Central Taiwan Theological Seminary (Chinese: 中台神學院)
- Type: Private seminary
- Established: 1951年
- President: David Chao
- Location: No. 36, Linsen Rd., West District, Taichung City, Republic of China (Taiwan)
- Website: www.ctts.org.tw (in Chinese)

= Central Taiwan Theological Seminary =

The Central Taiwan Theological Seminary, or Chung Tai Theological Seminary, is a Protestant school in Taichung City, Taiwan. Founded in 1951, the school is now an accredited member of the Asia Theological Association. It offered programs ranging from certificates to doctorate degrees.

==History==
In October 1951, the Central Taiwan Theological Seminary was founded by the Far East Missionary Society (now the International Missionary Society) in Taichung City Taiwan, with Pastor Chi Ai-mu as its first president. The seminary initially rented two villas at No. 24, Taiping Road. Six teachers and thirty-three new students attended the opening ceremony.

In 1952, with the assistance of Taichung Mayor Yang Chi-hsien, the seminary purchased 2.9 mu of land in Lane 45, Section 2, Shuangshi Road for its campus. Construction began with a donation from Bob Pierce, founder of the World Vision. The building was completed in 1953 and named "Pierce Hall" in his honor.

In 1972, approximately 2,500 ping (approximately 667 square meters) of land on Sanmin Road was sold to raise funds for the construction of classrooms, an auditorium, and dormitories.

In 1978, Pastor Su Hsiao-hsing became the first Taiwanese president; prior to that, the position was held by Western missionaries.

In 1980, the Taichung City Government acquired 517 ping (approximately 343 square meters) of land to widen Jinnan Street.

In 1989, the Taichung City Government acquired 365 ping (approximately 243 square meters) of land to develop Jinxin Street.

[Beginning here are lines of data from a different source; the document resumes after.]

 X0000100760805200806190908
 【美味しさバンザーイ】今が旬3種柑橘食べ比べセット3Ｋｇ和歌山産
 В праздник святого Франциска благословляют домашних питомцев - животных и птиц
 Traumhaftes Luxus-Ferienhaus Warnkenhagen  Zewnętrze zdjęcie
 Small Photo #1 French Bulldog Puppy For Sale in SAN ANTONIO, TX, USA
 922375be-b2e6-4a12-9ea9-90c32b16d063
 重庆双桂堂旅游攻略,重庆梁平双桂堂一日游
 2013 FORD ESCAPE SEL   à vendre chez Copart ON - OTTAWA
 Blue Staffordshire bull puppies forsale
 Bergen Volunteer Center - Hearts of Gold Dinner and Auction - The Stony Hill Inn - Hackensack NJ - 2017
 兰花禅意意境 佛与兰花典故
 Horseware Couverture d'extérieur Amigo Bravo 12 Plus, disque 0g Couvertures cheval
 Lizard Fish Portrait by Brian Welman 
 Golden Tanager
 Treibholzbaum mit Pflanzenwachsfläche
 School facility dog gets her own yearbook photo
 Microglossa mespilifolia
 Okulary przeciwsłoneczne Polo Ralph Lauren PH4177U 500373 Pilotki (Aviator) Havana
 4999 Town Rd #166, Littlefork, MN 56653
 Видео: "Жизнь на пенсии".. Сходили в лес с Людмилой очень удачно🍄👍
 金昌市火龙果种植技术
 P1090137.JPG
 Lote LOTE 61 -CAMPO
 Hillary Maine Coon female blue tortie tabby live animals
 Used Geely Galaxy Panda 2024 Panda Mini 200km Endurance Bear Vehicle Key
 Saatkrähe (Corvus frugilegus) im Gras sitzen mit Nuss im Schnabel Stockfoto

In the same year the school's Bachelor degrees were recognized by the Asia Theological Association.

On March 12, 1999, the International Missionary Society donated 2/3 of the 5,000 ping of the campus land to the school.

In 2006, the Shuangshi Road campus was sold to Yimin Construction, and the school moved to a temporary campus on Linsen Road in the following year.

In 2008, the school purchased 18,000 ping (approximately 3,333 square meters) of land in Tanzih District for the construction of future school buildings.

In 2019, the seminary opened the Central Taiwan Theological Seminary North America Office (CTTSNA) in the United States.

In 2020, The school launched its pastoral doctoral program.

In 2021, the environmental impact assessment review meeting for the development of the new campus in Tanzih was approved.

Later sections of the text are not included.